Así pasaron aquel fin de año de hace 155 años. Algunas veces, las reuniones se llevaron a cabo en sedes modestas, donde se servía pan blanco, manzanilla, té y limones, Otras, en casas donde hubo champaña y bocados de la cocina francesa, como en los hogares de Vicente Riva Palacio o el abogado Rafael Martínez de la Torre, liberal que había defendido a Maximiliano. La gana de reconciliación, el deseo de desafanarse un poco de la densa tormenta política que habían soportado a mediados de año, y el afán creativo, dominaron tanto en los salones humildes como en las mansiones lujosas. Hasta Porfirio Díaz se sumó, en alguna ocasión, a la concurrencia de las veladas que muy pronto se hicieron famosas, pues esos mismos poetas y narradores eran diputados, militares o funcionarios públicos, que por unas horas dejaban su misión de hombres públicos para responder al llamado de las musas.

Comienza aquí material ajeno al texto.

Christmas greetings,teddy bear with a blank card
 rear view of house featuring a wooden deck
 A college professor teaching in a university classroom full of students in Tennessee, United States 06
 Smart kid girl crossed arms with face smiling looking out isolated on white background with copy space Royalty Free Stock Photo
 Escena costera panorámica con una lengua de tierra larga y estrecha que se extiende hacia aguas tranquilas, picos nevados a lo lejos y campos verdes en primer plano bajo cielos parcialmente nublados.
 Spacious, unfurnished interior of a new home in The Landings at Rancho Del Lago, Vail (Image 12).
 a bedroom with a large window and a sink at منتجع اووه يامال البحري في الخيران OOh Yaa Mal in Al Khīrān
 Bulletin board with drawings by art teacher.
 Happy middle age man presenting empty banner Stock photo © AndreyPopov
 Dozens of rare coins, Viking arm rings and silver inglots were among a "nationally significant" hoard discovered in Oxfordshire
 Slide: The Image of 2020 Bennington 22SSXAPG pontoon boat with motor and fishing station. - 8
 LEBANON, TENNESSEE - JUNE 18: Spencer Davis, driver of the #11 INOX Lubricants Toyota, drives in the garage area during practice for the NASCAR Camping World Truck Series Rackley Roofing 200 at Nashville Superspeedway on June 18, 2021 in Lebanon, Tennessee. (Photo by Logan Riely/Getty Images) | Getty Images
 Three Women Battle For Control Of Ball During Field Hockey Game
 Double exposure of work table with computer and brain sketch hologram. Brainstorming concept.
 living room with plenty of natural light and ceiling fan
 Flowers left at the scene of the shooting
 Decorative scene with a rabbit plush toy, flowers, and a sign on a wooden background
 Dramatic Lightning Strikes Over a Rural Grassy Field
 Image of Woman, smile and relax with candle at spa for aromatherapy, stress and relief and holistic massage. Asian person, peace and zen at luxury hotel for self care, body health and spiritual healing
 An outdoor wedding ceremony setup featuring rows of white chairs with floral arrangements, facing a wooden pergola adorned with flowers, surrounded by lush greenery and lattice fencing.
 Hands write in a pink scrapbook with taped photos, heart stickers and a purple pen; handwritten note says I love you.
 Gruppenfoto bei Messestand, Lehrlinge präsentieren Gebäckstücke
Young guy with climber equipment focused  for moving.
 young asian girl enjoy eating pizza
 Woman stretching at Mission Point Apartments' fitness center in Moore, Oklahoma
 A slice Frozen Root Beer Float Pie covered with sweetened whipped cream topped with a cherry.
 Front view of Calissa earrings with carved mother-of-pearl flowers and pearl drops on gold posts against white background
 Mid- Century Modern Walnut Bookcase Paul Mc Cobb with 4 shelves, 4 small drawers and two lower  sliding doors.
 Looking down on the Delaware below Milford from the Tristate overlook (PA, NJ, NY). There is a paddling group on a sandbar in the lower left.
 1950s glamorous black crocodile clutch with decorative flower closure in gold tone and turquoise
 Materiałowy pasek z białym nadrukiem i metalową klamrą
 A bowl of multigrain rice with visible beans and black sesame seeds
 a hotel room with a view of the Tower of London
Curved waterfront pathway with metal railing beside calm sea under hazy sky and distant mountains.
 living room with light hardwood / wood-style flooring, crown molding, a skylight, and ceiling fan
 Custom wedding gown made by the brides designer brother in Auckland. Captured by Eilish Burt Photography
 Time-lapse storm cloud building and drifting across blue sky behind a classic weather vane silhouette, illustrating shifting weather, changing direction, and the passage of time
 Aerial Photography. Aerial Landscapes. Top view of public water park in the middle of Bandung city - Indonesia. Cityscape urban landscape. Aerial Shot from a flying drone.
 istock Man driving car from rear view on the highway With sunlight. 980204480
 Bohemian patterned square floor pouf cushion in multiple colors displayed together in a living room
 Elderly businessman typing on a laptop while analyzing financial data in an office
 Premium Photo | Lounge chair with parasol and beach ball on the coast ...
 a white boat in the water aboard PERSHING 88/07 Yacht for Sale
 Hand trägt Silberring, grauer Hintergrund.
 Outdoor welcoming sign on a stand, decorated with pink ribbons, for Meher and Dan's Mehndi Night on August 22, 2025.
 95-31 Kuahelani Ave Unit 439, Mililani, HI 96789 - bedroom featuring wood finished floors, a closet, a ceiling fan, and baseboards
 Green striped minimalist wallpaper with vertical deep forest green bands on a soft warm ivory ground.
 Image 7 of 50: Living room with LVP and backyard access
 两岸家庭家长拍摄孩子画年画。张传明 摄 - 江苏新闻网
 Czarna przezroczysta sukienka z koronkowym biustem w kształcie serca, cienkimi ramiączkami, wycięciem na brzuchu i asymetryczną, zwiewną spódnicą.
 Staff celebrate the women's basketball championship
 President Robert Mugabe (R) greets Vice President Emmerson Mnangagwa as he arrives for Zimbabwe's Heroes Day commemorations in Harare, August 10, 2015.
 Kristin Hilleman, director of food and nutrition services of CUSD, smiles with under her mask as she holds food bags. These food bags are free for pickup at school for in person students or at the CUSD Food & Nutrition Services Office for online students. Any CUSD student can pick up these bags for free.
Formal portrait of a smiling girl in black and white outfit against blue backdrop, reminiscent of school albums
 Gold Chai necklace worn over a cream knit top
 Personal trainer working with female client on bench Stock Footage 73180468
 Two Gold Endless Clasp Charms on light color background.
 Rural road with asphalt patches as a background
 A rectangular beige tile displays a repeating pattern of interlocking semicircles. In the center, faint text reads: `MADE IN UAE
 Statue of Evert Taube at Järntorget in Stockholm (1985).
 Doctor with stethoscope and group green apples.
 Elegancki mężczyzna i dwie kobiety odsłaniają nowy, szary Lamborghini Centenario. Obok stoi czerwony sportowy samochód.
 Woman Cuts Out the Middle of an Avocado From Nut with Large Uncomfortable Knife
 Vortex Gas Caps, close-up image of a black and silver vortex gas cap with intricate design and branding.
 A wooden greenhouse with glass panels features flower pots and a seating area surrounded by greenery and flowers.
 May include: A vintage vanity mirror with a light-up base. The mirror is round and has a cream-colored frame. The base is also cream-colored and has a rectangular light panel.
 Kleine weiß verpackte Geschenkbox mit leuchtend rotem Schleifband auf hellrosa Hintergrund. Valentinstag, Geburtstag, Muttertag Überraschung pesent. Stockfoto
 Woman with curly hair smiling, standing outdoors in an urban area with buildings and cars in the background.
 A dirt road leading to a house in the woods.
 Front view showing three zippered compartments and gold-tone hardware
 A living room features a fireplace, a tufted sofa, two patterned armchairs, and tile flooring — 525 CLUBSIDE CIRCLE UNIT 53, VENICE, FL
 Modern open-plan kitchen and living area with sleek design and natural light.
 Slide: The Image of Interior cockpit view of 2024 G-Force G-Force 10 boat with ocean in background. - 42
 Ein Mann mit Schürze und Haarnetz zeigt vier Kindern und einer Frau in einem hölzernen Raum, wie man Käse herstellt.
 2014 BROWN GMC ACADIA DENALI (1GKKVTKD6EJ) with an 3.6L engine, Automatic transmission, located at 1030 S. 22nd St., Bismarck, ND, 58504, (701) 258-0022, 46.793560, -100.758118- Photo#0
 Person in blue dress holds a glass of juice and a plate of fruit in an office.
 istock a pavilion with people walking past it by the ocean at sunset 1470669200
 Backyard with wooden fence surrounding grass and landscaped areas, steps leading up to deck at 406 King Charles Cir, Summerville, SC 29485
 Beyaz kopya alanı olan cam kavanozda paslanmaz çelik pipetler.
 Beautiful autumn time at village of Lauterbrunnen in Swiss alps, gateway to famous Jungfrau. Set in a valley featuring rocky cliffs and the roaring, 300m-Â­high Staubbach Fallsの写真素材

En esas reuniones, que en total sumaron una docena, se aplaudió al joven Justo Sierra, que presentó un poemita, “Playera”; se escucharon con atención los primeros capítulos de “Calvario y Tabor”, novela de Vicente Riva Palacio. Los nombres de jóvenes talentosos, como José Peón Contreras y Gonzalo Esteva. Un chamaquito de quince años, que respondía por Juan de Dios Peza, recordaría en su madurez cómo fue recibido con cariños, frases amables y consejos cordiales provenientes del usualmente severo Nigromante.

“Ahora sí, hijo mío”, le dijo Altamirano al chamaquito Peza: “a estudiar mucho y a escribir sin miedo. Ha renacido la literatura y hay que cantar a la patria libre y unida”. Tenía razón el buen Nacho. Aunque las Veladas se terminaron en abril de 1868, dejaron una huella profunda. Se editaron algunos cuadernos con los trabajos que allí se habían leído. Tal era el resultado de lo que, en el prólogo de uno de aquellos impresos, llamaron “una fiesta de familia en la que los poetas se estrechan como hermanos”.

Amable diciembre fue aquel de hace 155 años, cuando, por unas horas, hombres talentosos soñaron con un país en el que las bellas letras eran también elemento imprescindible del crecimiento nacional, y juntos, superando las diferencias ideológicas, podían imaginar que todos los obstáculos para reconstruir a la Nación, eran salvables.